Los hechos habían sido traumáticos y, de pronto, Silvia se cuestionó su regreso. Lo cierto era que no quería pasar sus días atrapada por el miedo y, por otro lado, su expareja, con quien había retomado contacto, le prometía que había cambiado.
Así, después de dos años en su suelo natal, Europa la vio volver.
Volver por decisión propia y una transformación: “Esta vez, busqué insertarme a su cultura”
Su recomenzar fue en Barcelona, allí donde había conocido a su novio italiano y donde volvió a instalarse con él. A pesar de que con el tiempo pudo comprender que aquel hombre seguía teniendo los mismos comportamientos de antaño, algo en ella sí se había transformado.
“Esta vez había viajado por decisión propia”, cuenta. “Volví a Europa con el chip cambiado. Así, lo primero que hice en Barcelona fue estudiar catalán, intenté insertarme a su cultura, a esa sociedad. ¡Y la experiencia fue maravillosa! Tuve alumnas y amigas entrañables que conservo hasta el día de hoy. Trabajé para dos ayuntamientos, era la profesora de danza de ambos pueblos y me respetaban: ¡Era una argentina que daba clases de flamenco en Cataluña!, continúa Silvia, quien también estudió allí Psicología del Deporte, Trabajo Social y realizó un instructorado de actividades físicas para colectivos especiales (tercera edad, mujeres vulnerables, discapacidad).
“Nunca dejé mi acento, mi yeyeo argentino, y seguí utilizando términos como pituto, chirimbolo, che, vos, y daba mis clases con el mate en la mano. Aunque claro, en ciertas circunstancias intentaba hablar en catalán si así lo requerían”, dice entre risas. “Mi mayor orgullo fue hacer mi espectáculo `La otra Carmen´, una versión libre donde, a través de la danza, se aborda la temática de la violencia de género. Lo presenté con el slogan: `Porque los finales no siempre están escritos, reescribamos nuestra propia historia´. Y eso me traje en el corazón, justo antes de volver, lo necesitaba”.
Volver: “Necesito una familia”
El maltrato psicológico jamás había cesado, sin embargo, Silvia ya no era la misma, se había fortalecido. Decidida a defender su autonomía y su identidad, había logrado formar una vida propia, algo que no fue del agrado de su pareja, que, en un arrebato, la dejó en la calle.

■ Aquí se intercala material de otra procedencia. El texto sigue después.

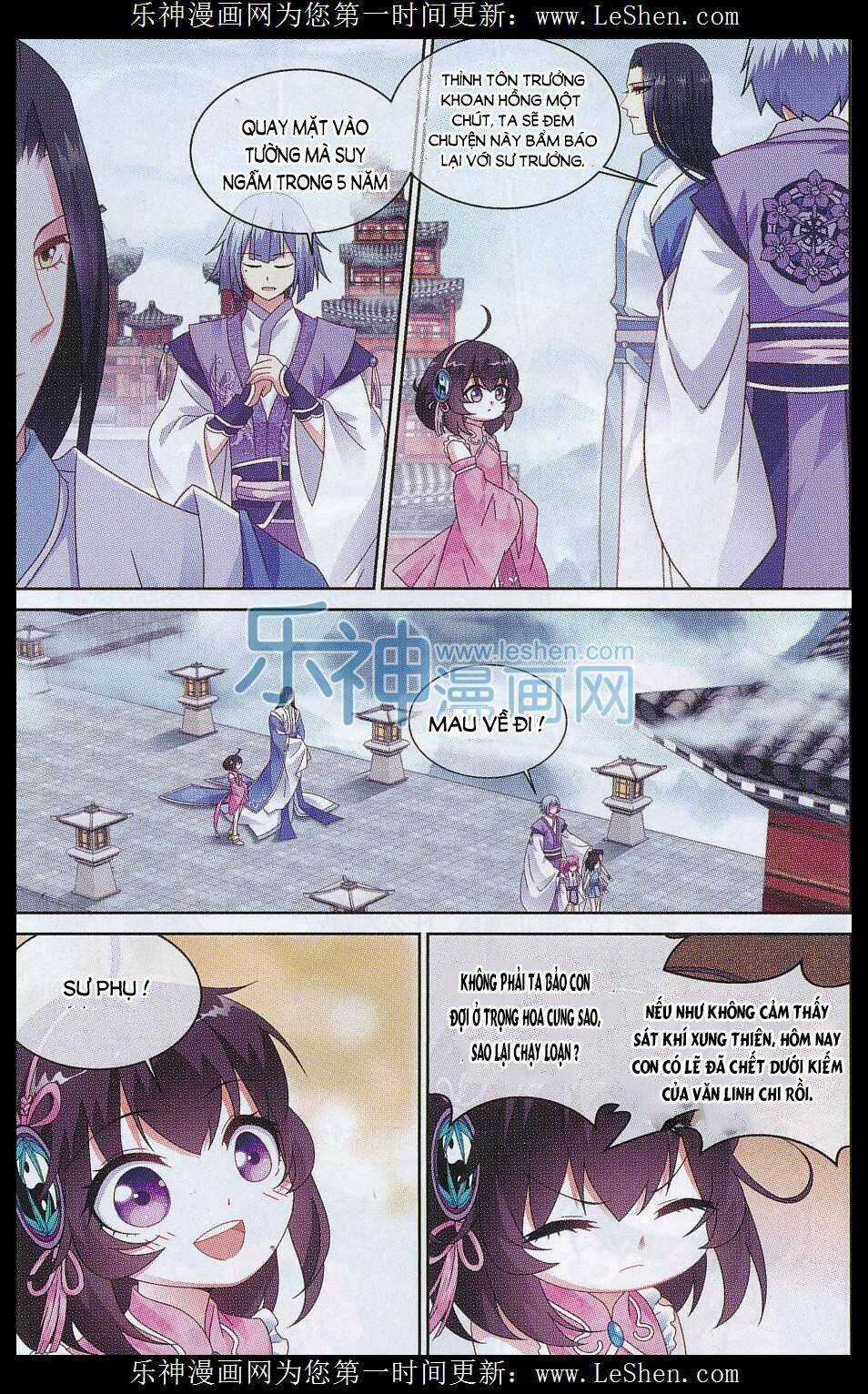 Trọng Tử Chapter 4 trang 14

Silvia logró sobreponerse, adoptó un enorme perro protector – Golfo- que se transformó en su fiel compañero y luchó por salir adelante, esta vez viviendo con extraños en un piso compartido. Pero llegó una mañana en la que supo que, más allá de todo lo que había conquistado, algo le faltaba.
“Ahí le dije a mi madre: mamá, yo necesito una familia, y si vos no venís con mi hermana, yo voy con ustedes. Y así lo hice, vendí mis cosas, coche, moto, zapatos de baile, cajones flamencos, todo lo que pude y le dije a mis alumnas: chicas, me vuelvo a mi país”.

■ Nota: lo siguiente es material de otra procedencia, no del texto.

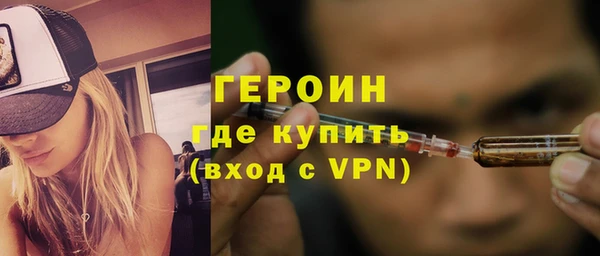 мяу мяу кристалл Алзамай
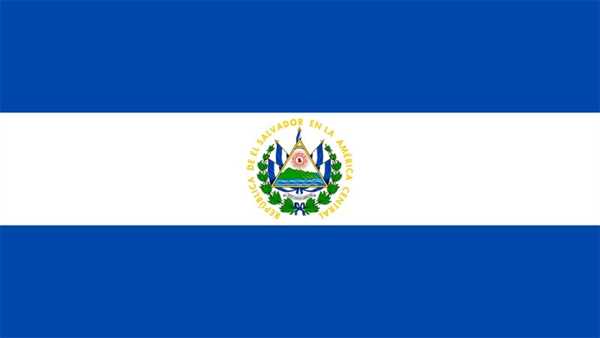 El Salvador Flagge 60x90 cm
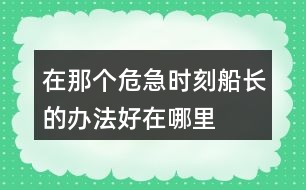 在那個(gè)危急時(shí)刻船長的辦法好在哪里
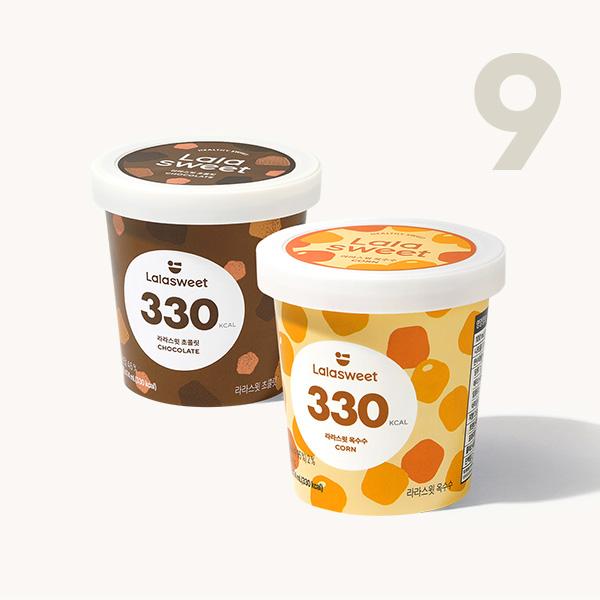 라라스윗 파인트 9개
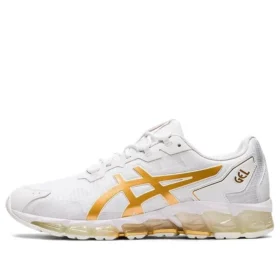Gel-Quantum 360 6 «White Gold»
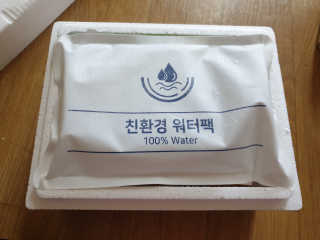 데르뜨 떠먹는 과일 3종, 짜먹는 과일 2종 총 10개 체험 — 4점을 준 리뷰어가 2020년 3월 올린 사용 사진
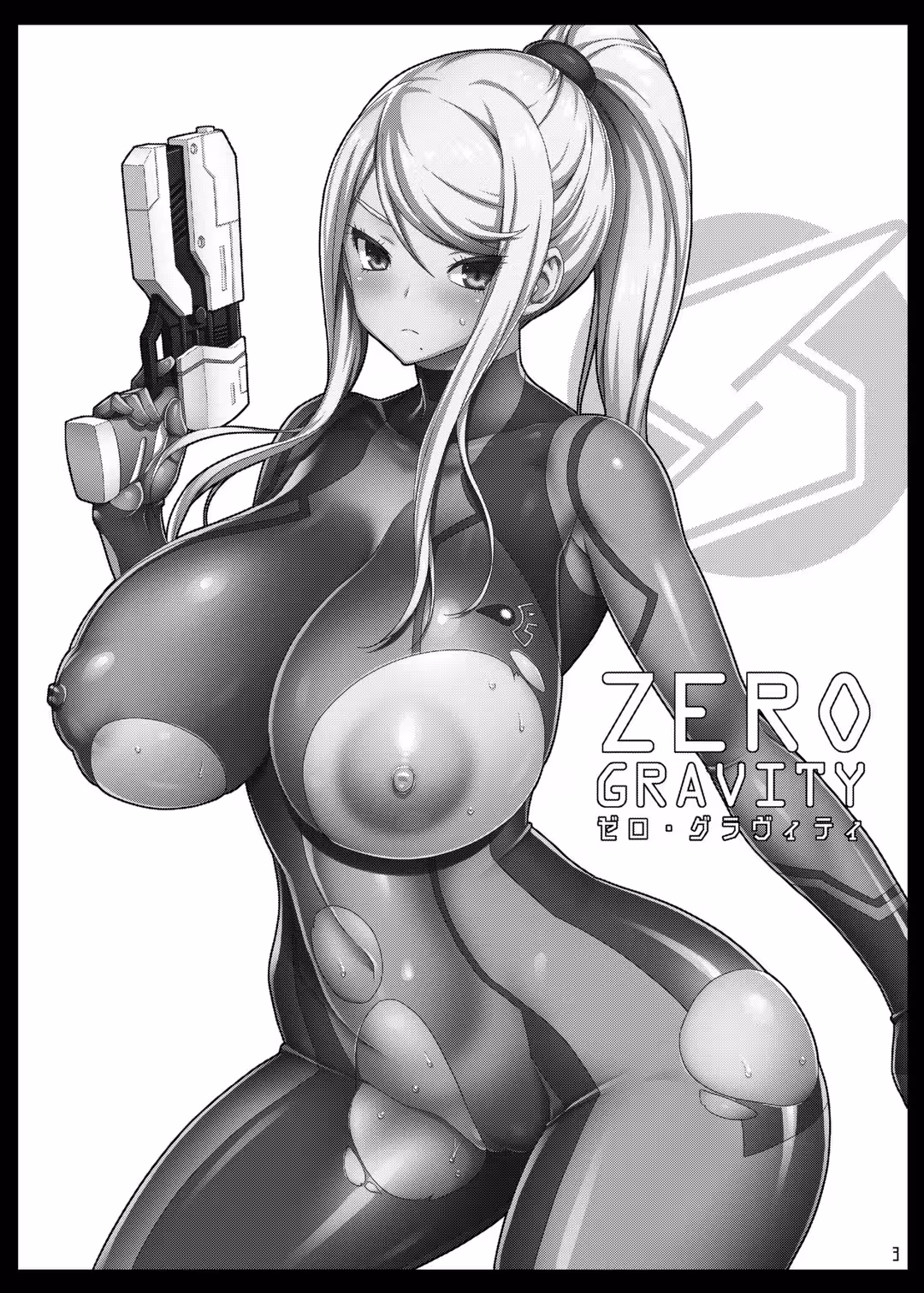 /galleries/2814509/2.avif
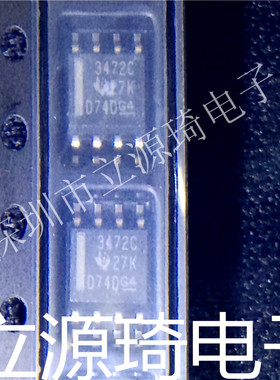 TL3472CDR TL3472C 3472C TI SOP8 全新进口原装正品 可直拍 出样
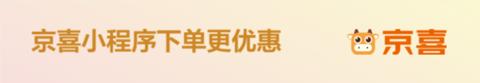 VBF 儿童雨衣 玫红小兔子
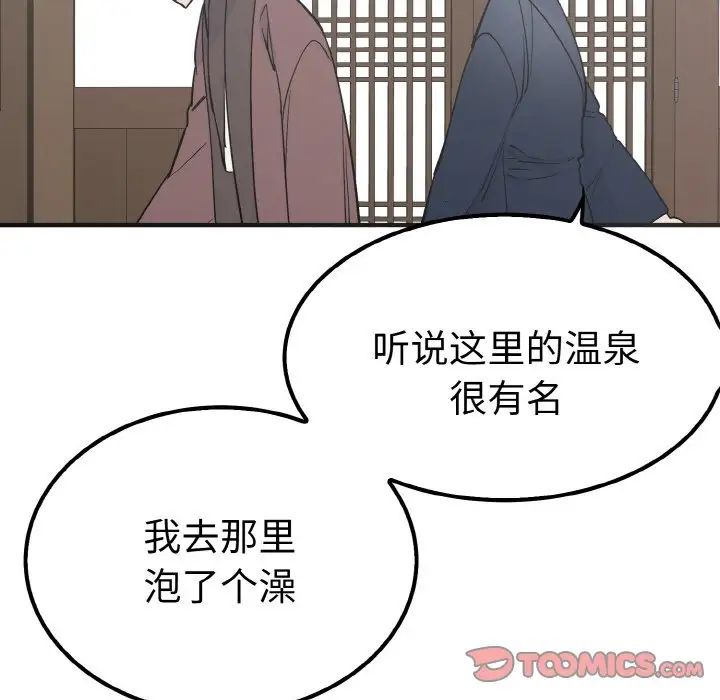 毒酒第6話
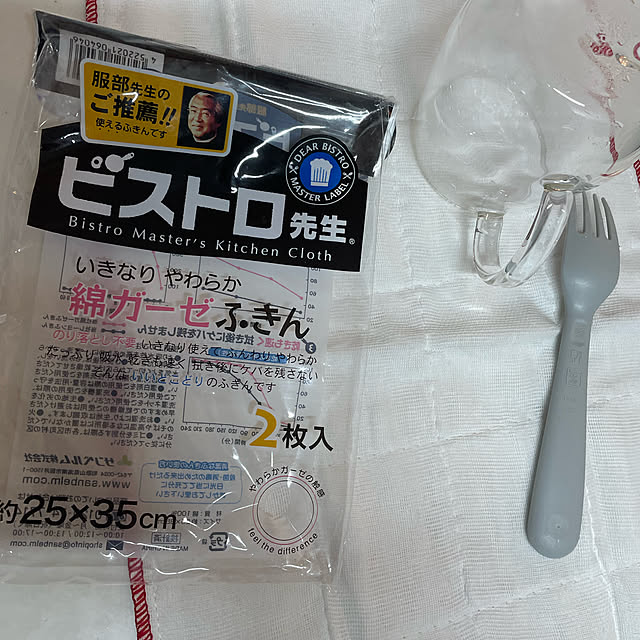 maa_ouchi___さんの実例写真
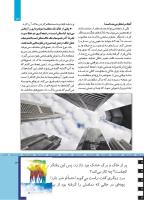 مجله کودک 503 صفحه 13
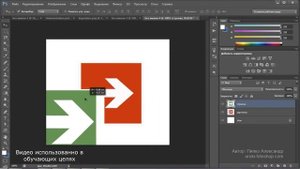 Работа со слоями в Фотошопе (Photoshop). Занятие 25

Hubo llantos, desazón por alejarse de un grupo humano maravilloso. Pero Silvia tenía que volver.
Despertar en casa
Corría el año 2019 cuando Silvia tuvo un nuevo amanecer en la Argentina. La primera mañana lloró. Había despertado en su hogar, su país, con su madre, hermana, y junto a Golfo, su fiel testigo silencioso.
La primera vez que había emigrado, habían elegido por ella; la primera vez que volvió, fue un escape. Las segundas veces, en cambio, fueron decisiones propias, libres, lo que transformó totalmente las experiencias.

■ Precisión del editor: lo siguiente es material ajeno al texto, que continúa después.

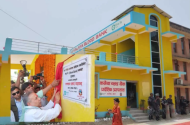 कलैयामा ब्लड बैङ्क भवनको उद्घाटन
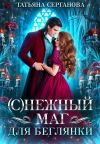 Книга (С)Нежный маг для беглянки автора Татьяна Серганова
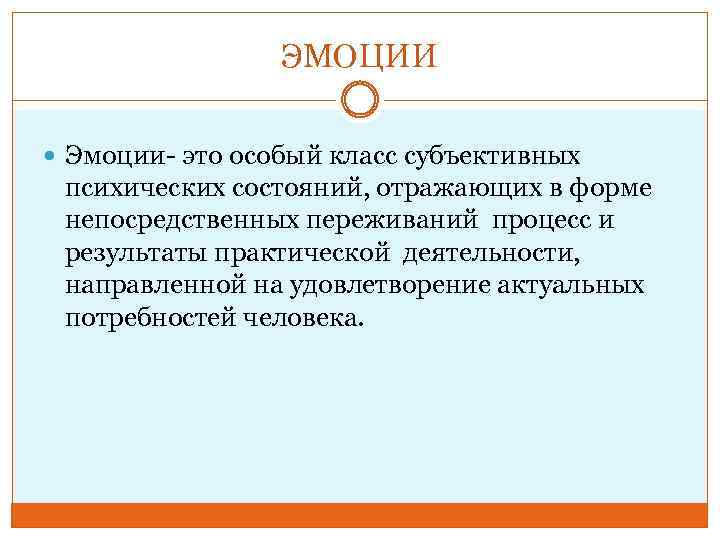 ЭМОЦИИ Эмоции- это особый класс субъективных психических состояний, отражающих в форме непосредственных переживаний процесс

“¡Ese primer día en Argentina me puse a llorar de alegría! Pero sinceramente, hoy por hoy, y después de todo lo que me había costado adaptarme en suelo extranjero, siento que un pedazo de mí quedó allí para siempre”, se emociona.
“Pasé por muchos lugares dolorosos que prefiero reservarme en este testimonio, pero quiero decir que, por fin, puedo ver la fortaleza. Soy hija de inmigrantes y yo también lo fui. No es fácil, emigrar es duro, pero también nos demuestra que podemos caernos y levantarnos todas las veces necesarias. Deseo de todo corazón que nuestra Argentina se transforme en nuestro hogar, un lugar donde se pueda dormir en paz, y en donde ninguna persona vuelva a sentir que la única salida está en Ezeiza”, concluye.